There is no ideal weight, it just depends how you want the engine to behave.
If you go very light then you will have to have your idle set at ~1500rpm.
The more weight you remove the more likely it is you will stall if you don't give it enough revs when you let the clutch out as you don't have enough inertia .
So it all depends on what you want/driving stile etc etc.
Having less weight will give you more acceleration in lower gears especially first but higher gears there will be very little difference.
I did a very light one for a friend and it revved like a Ferrari , touch the throttle and you hit 7000 revs in a split second, this also brings the danger of over revving the engine if you miss a gear or something breaks and trust me your ecu will not be able to cut the power quick enough to keep the revs down.
My friends one sat at idle would hit 8000 rpm if you put your foot to the floor even though the ecu was cutting at 7400, it would drop back to 7400 and hold that but accelerating up with no load it could not keep the limit.

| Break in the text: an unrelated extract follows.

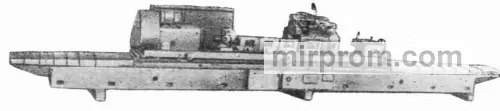 Станок круглошлифовальный 3А164Б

The link is a good article about the subject and gives you an idea of how much equivalent weight loss there would be for each gear as I mentioned above.

http://www.pumaracing.co.uk/FLYWHEEL.htm

Cheers thanks jo, So 1 kg should be enough

Jo,You forgot to mention the possibilty of the crank shattering and taling the entire engine out...the harmonics are being screwed up - totally.

unless you have a dynamic crank dampener

one that was set up in a factory that was calculated to be matched to a rotating mass at the other end called a flywheel, that on mate?

No it wasn't.

It was designed to damp out harmonic vibrations from the crank that are only an issue on the none drive end i.e. the pulley. The flywheel end has a very large mass i.e. the gearbox and entire drivetrain, thus this end of the crank it totally free from torsional whip due to very large inertia, there would be no problem in this respect even if your flywheel weighed 1kg as this end of the crank is the output end.

And when it is neutral and revving at some silly figure that it was never designed to reach it's shaking the engine to pieces.

how much load do you think you can have in neutral ?
It takes no power at all to spin an engine in neutral, you hardly put any power through the crank in neutral and your at the limiter.
No stress on the crank at all.

The other point is that destructive torsional vibrations are mostly caused when an engine is under load and is at a given rpm long enough for them to build up, e.g. when driving up a hill at a constant speed, this is the scenario that the torsional vibration damper in the front pulley is there to deal with.